Heutige TV-Satelliten sind wesentlich leistungsfähiger

Kommunikations­satelliten haben die Verbreitung des Fernsehens stark vorangetrieben. Nach Angaben des BITKOM kann ein Satellit heute bis zu 500 Fernsehkanäle gleichzeitig übertragen. Zum Vergleich: Die Übertragungskapazität von Telstar 1 lag 1962 bei einem Fernsehkanal. Auch in Deutschland ist der Fernsehempfang per Satellit weit verbreitet: Insgesamt empfangen mehr als 17 Millionen Deutsche Fernsehen per Satellit.

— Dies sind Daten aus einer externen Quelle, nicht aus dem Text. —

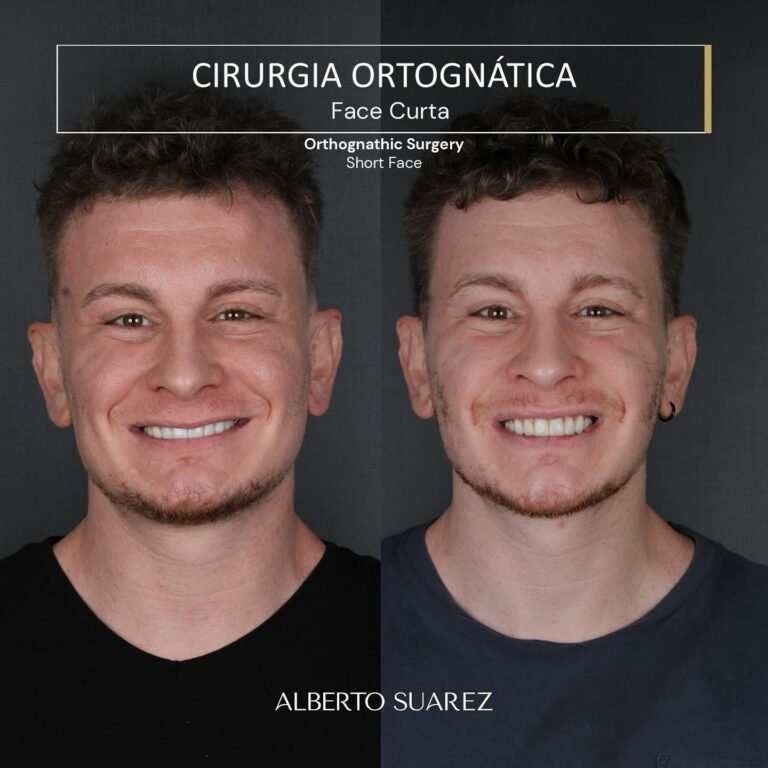 Instagram post from dralbertosuarez. This post is in position 14.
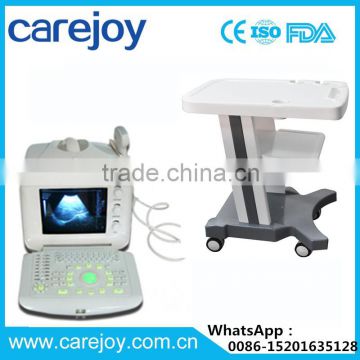 OEM service High sensitivity probe Digital Portable Ultrasound Scanner with Trolley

Dabei ist das Signal nicht mehr mit dem von Telstar 1 vergleichbar. Am 30. April 2012 wurde der analoge TV-Empfang über Satellit abgeschaltet. Seitdem sind nur noch digitale Kanäle per Satellit in Deutschland zu empfangen.

Satelliten bieten auch die Möglichkeit der Breitband-Anbindung

Auch als Zugang zum Internet werden Satelliten­verbindungen genutzt. Etwa 35 000 Haushalte werden nach Angaben der Bundesnetzagentur derzeit per Satellit mit Internet versorgt, mehr als 100 000 Bundesbürger kommen per Satellit ins World Wide Web. Insbesondere in entlegenen Regionen, die nur schwer mit Festnetz oder Mobilfunk erreicht werden können, bietet die Satellitentechnologie eine Alternative. Kempf: "Internet via Satellit ist eine interessante Reserve­technologie für die letzten verbliebenen weißen Flecken auf der Breitbandlandkarte, die auch mit der neuen Technologie LTE kurzfristig nicht erschlossen werden können."